What the task asks: Word-for-word reproduction, images excluded: copy every entry below.

[Information provided — start]

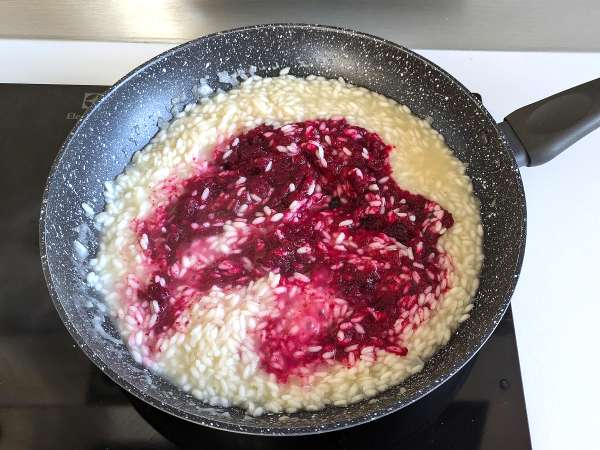 Risotto bit dan gorgonzola: ledakan warna dan rasa yang kuat - Persiapan langkah 6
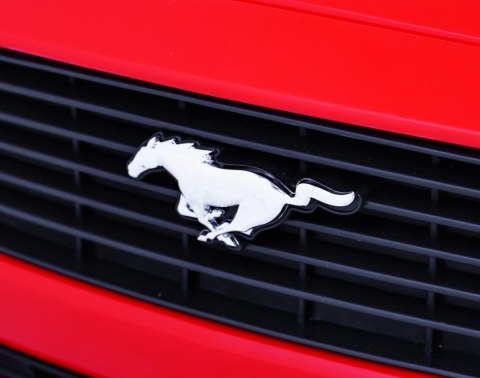 Autko Ford Mustang GT na akumulator dla dzieci Czerwony Autko Ford Mustang GT na akumulator dla dzieci Czerwony
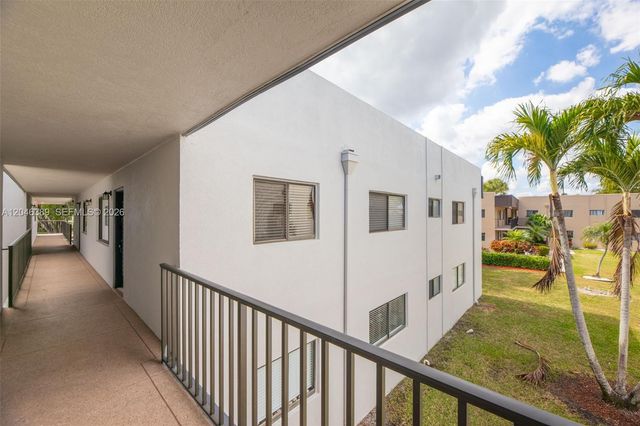 15108 Ashland Dr 221, Delray Beach, FL 33484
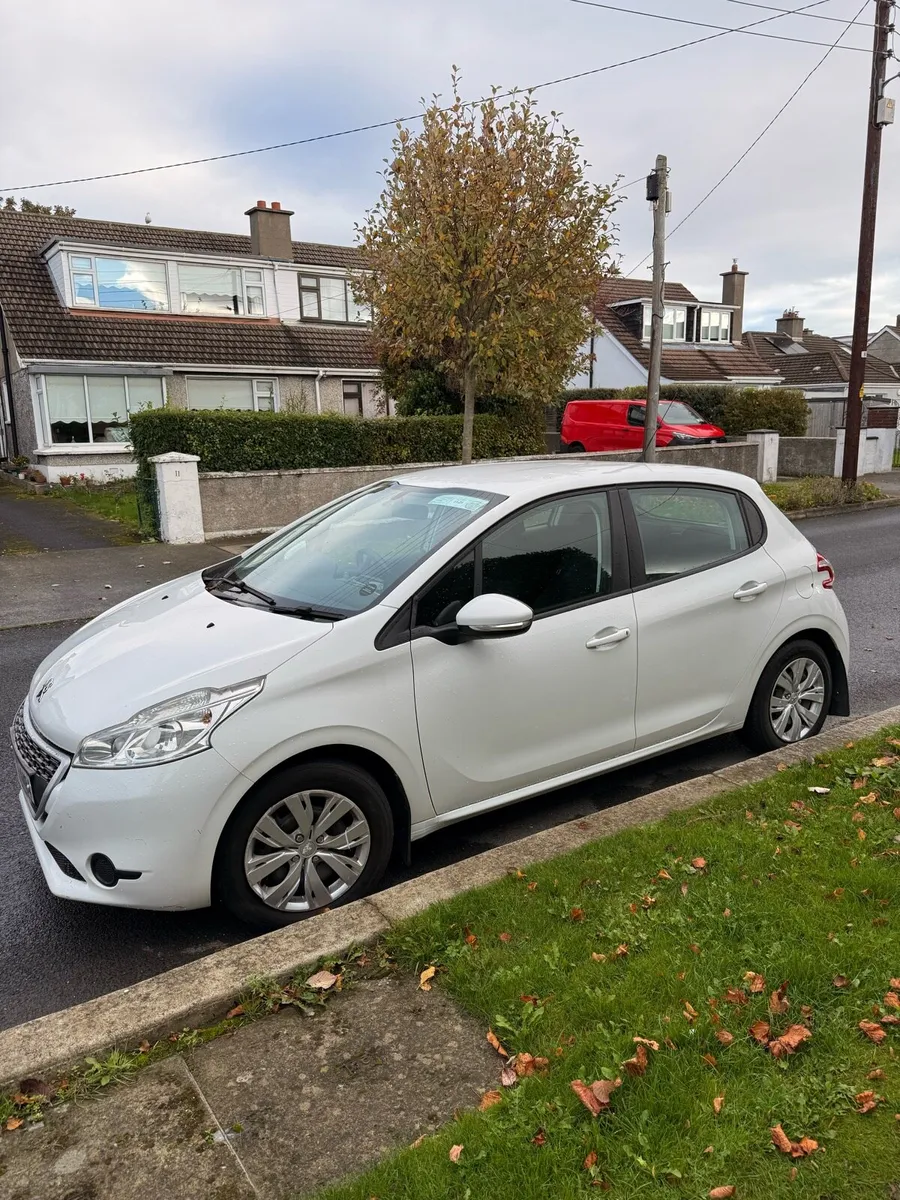 Peugeot 208 - White 2014 - Image 1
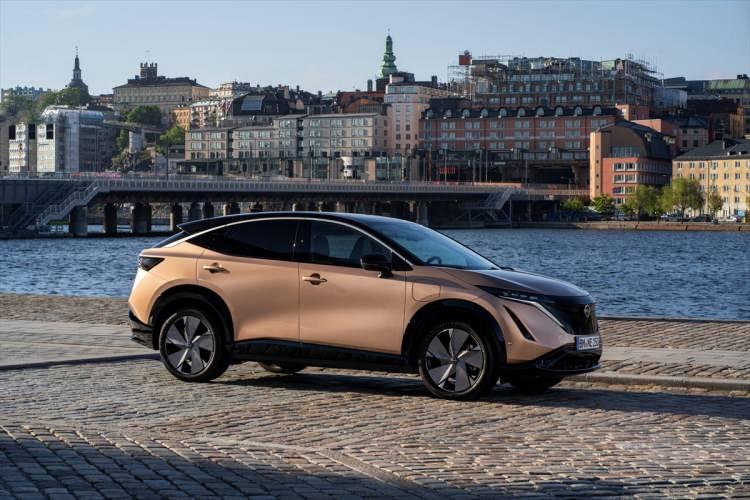 <p>Nissan'ın, Stockholm'de tanıtımını gerçekleştirdiği Qashqai e-POWER'ın Türkiye pazarına bu yılın son çeyreğinde, Ariya'nın ise 2023'ün ikinci yarısında sunulması bekleniyor.</p>

<p> </p>
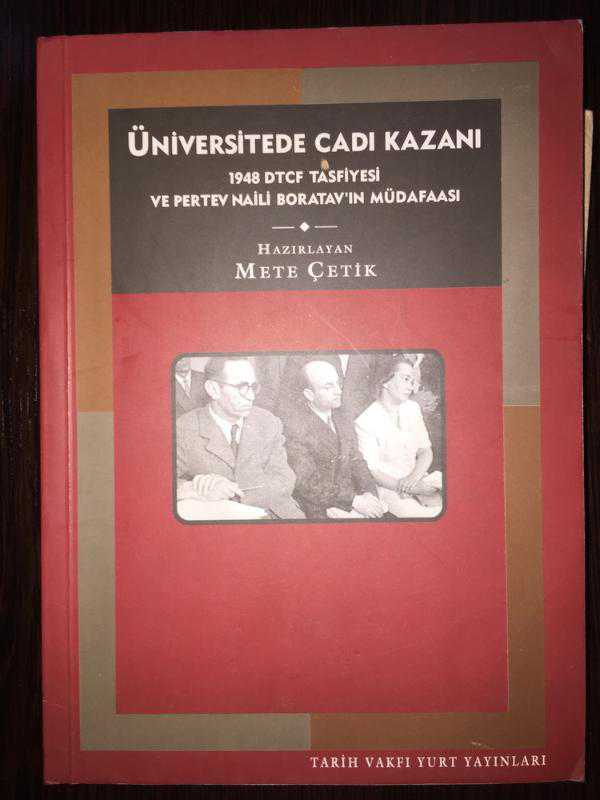 Üniversite'de Cadı Kazanı - Tarih Vakfı Yayınları - Mete Çevik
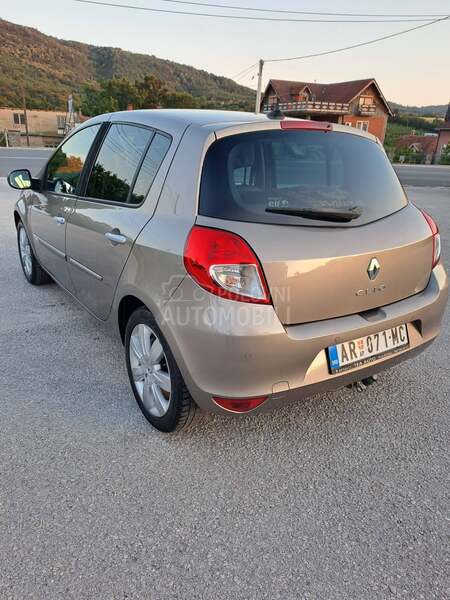 Renault Clio REDAK, ful oprema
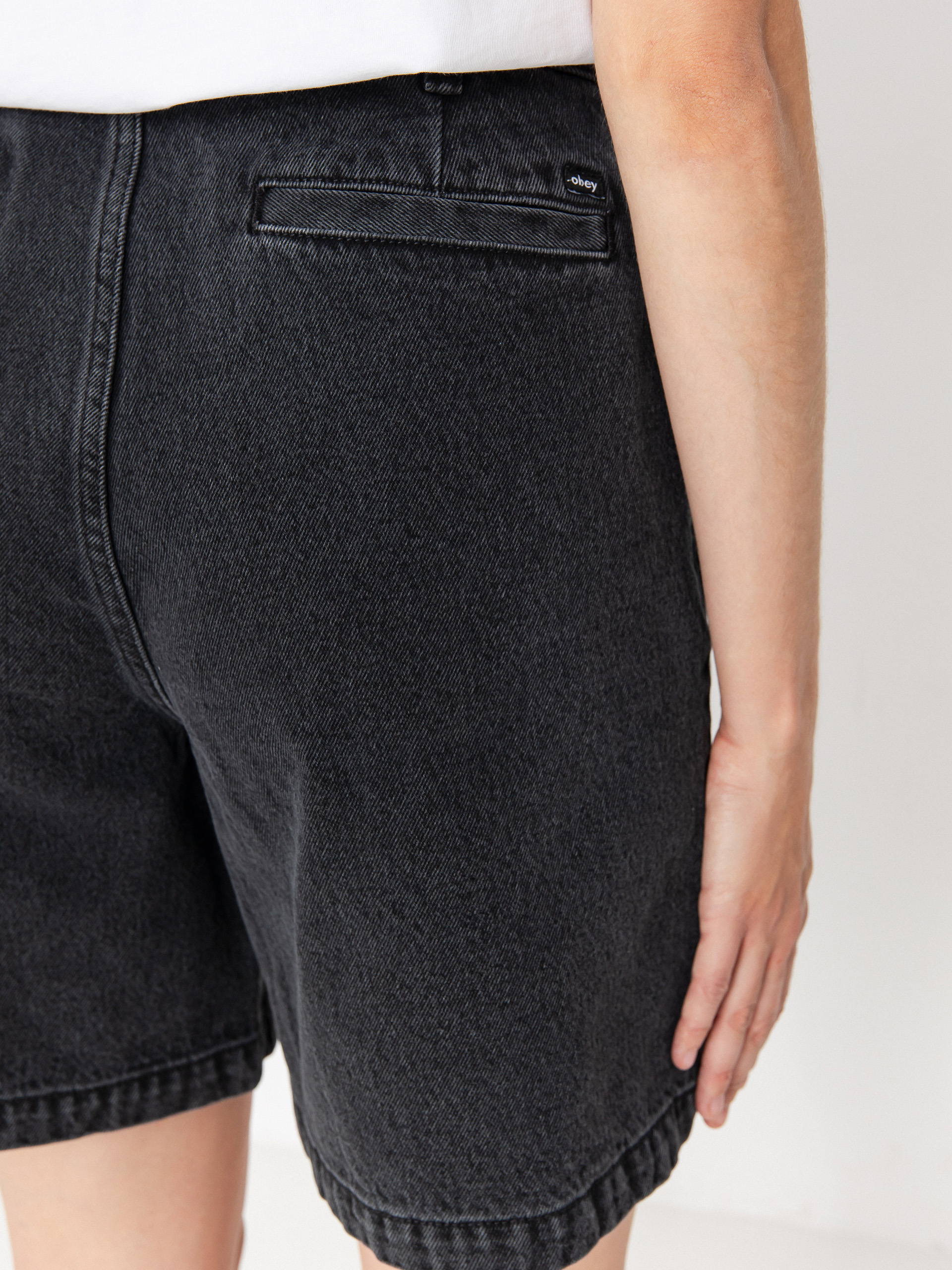 Къси панталони OBEY Eli II Denim Pleated Wmn (black ash)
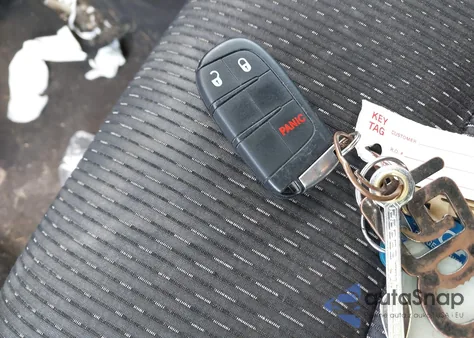 2018 Dodge Journey Se z USA, uszkodzony, nr VIN 3C4PDCAB8JT427306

[Information provided — finish]

The completed task:
 Risotto bit dan gorgonzola: ledakan warna dan rasa yang kuat - Persiapan langkah 6
 Autko Ford Mustang GT na akumulator dla dzieci Czerwony Autko Ford Mustang GT na akumulator dla dzieci Czerwony
 15108 Ashland Dr 221, Delray Beach, FL 33484
 Peugeot 208 - White 2014 - Image 1
 <p>Nissan'ın, Stockholm'de tanıtımını gerçekleştirdiği Qashqai e-POWER'ın Türkiye pazarına bu yılın son çeyreğinde, Ariya'nın ise 2023'ün ikinci yarısında sunulması bekleniyor.</p>

<p> </p>
 Üniversite'de Cadı Kazanı - Tarih Vakfı Yayınları - Mete Çevik
 Renault Clio REDAK, ful oprema
 Къси панталони OBEY Eli II Denim Pleated Wmn (black ash)
 2018 Dodge Journey Se z USA, uszkodzony, nr VIN 3C4PDCAB8JT427306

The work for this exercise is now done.